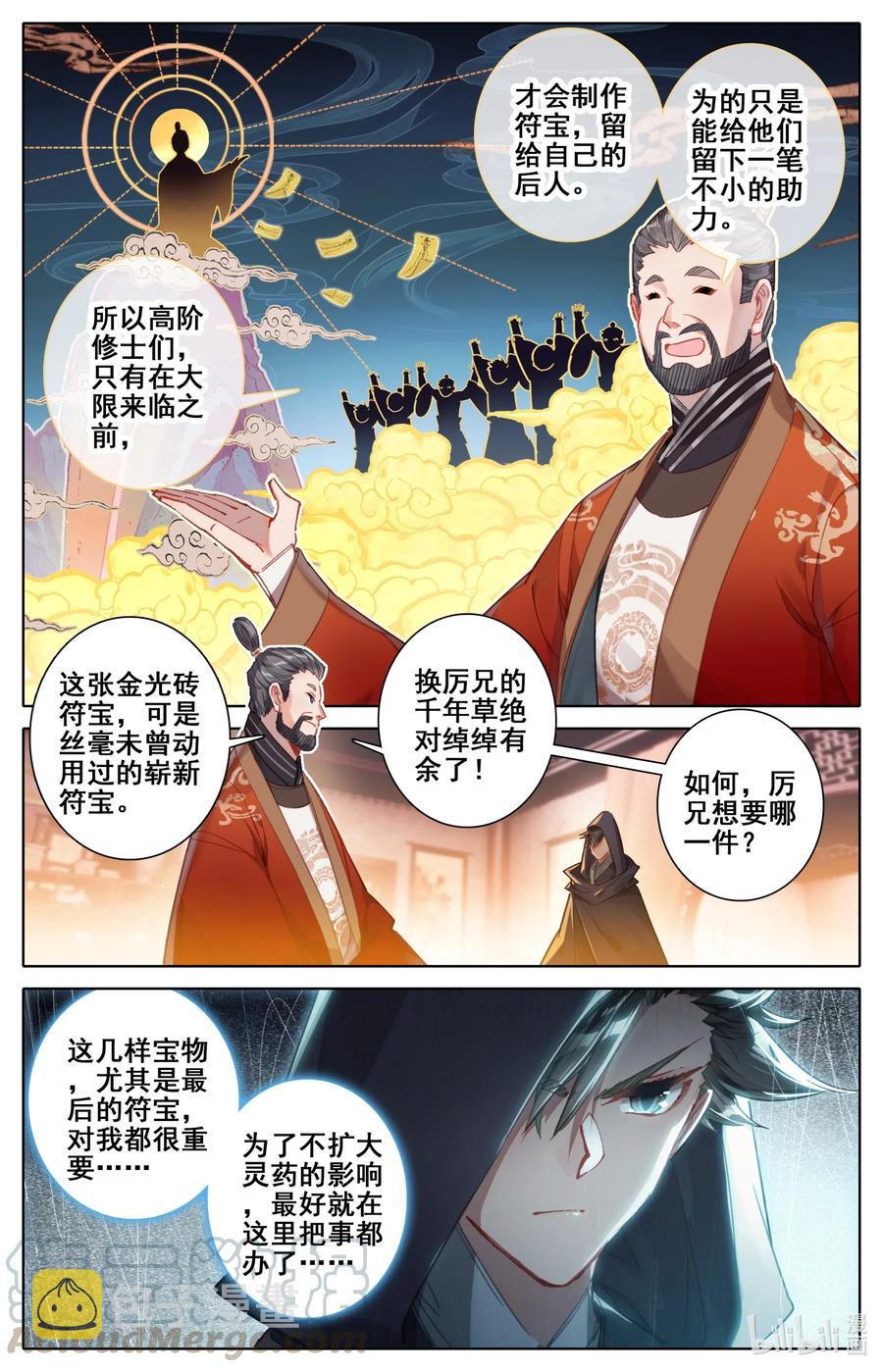 078 一共两千年？12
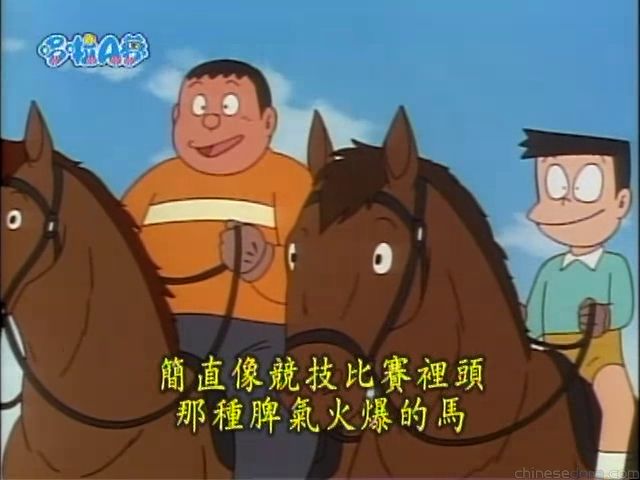 大山版#1521 競技馬鞍／萬能馬鞍（ロデオサドル）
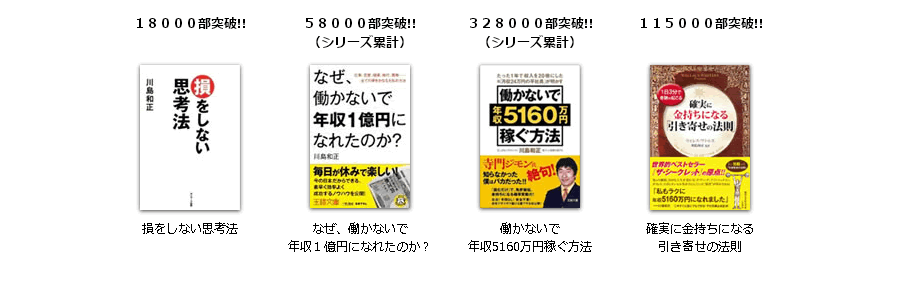 川島和正】氏/講演会セミナー - 宮城県仙台市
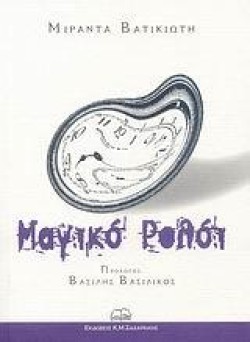 ΜΑΓΙΚΟ ΡΟΛΟΙ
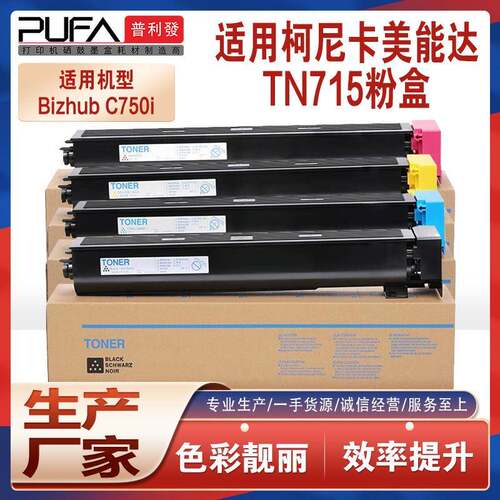 适用柯美TN715粉盒美能达BizhubC750i复印机墨盒ACP8150墨粉WX107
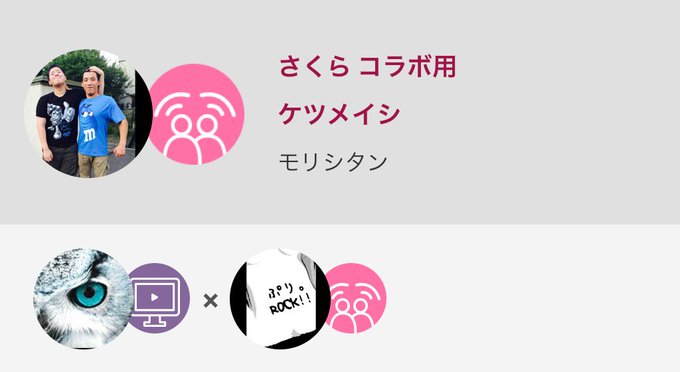 ケツメイシのtwitterイラスト検索結果 古い順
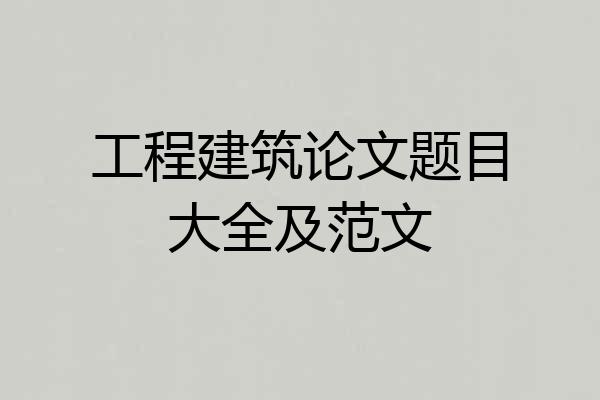 工程建筑论文题目大全及范文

:::::

Work task:
Find the line holding "适用柯美TN715粉盒美能达" in the data above. Retype it and every later line exactly, through the end, but not the pictures.

Answer space:
 适用柯美TN715粉盒美能达BizhubC750i复印机墨盒ACP8150墨粉WX107
 ケツメイシのtwitterイラスト検索結果 古い順
 工程建筑论文题目大全及范文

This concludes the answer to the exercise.